-- What to produce --
Starting at the line below that contains "ICEBERG CafeWorks Square" and ending at the line that contains "扁平风旅游户外旅行插画", retype each line exactly as it stands, but omit the pictures.

-- Extracted information --
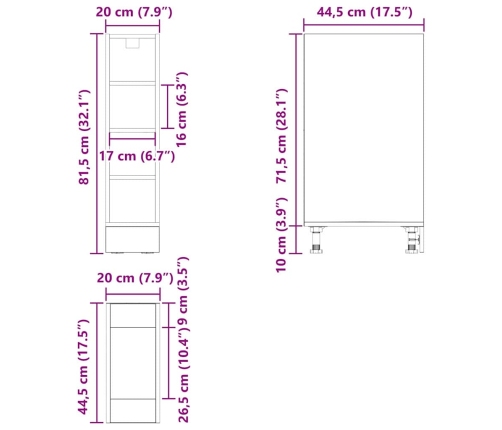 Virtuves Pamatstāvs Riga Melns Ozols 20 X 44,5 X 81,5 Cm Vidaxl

* * *

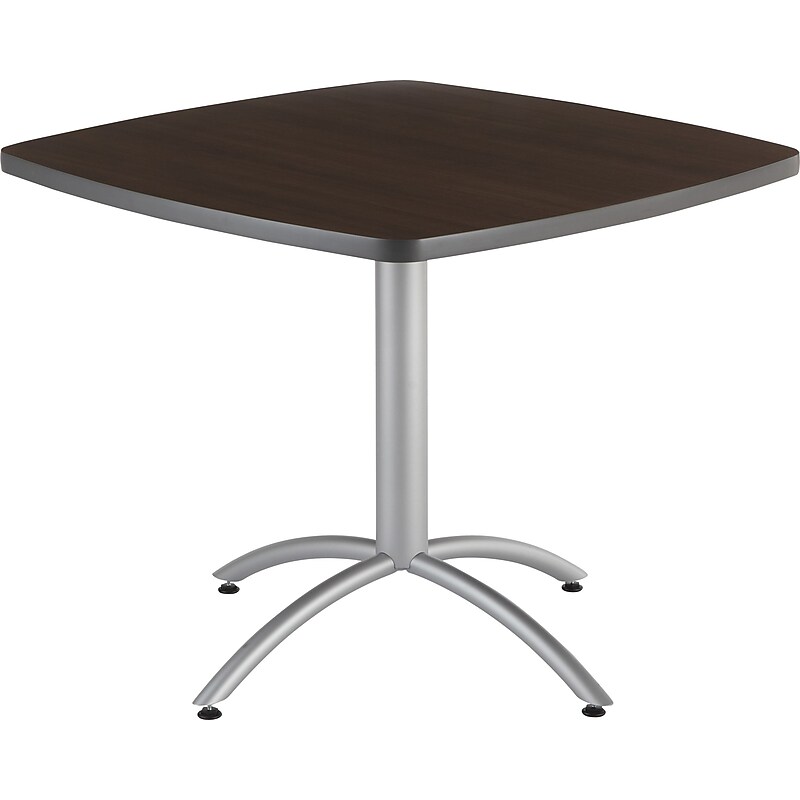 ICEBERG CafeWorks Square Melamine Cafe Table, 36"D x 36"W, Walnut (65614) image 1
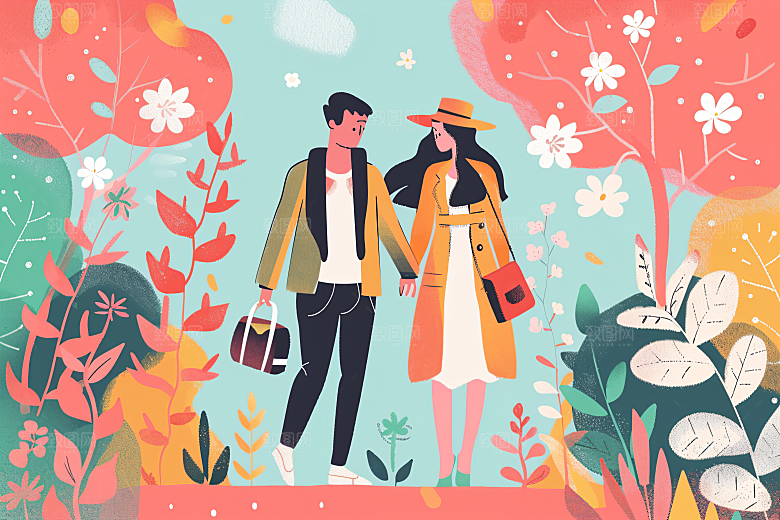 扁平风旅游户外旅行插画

-- Reply to the task --
 ICEBERG CafeWorks Square Melamine Cafe Table, 36"D x 36"W, Walnut (65614) image 1
 扁平风旅游户外旅行插画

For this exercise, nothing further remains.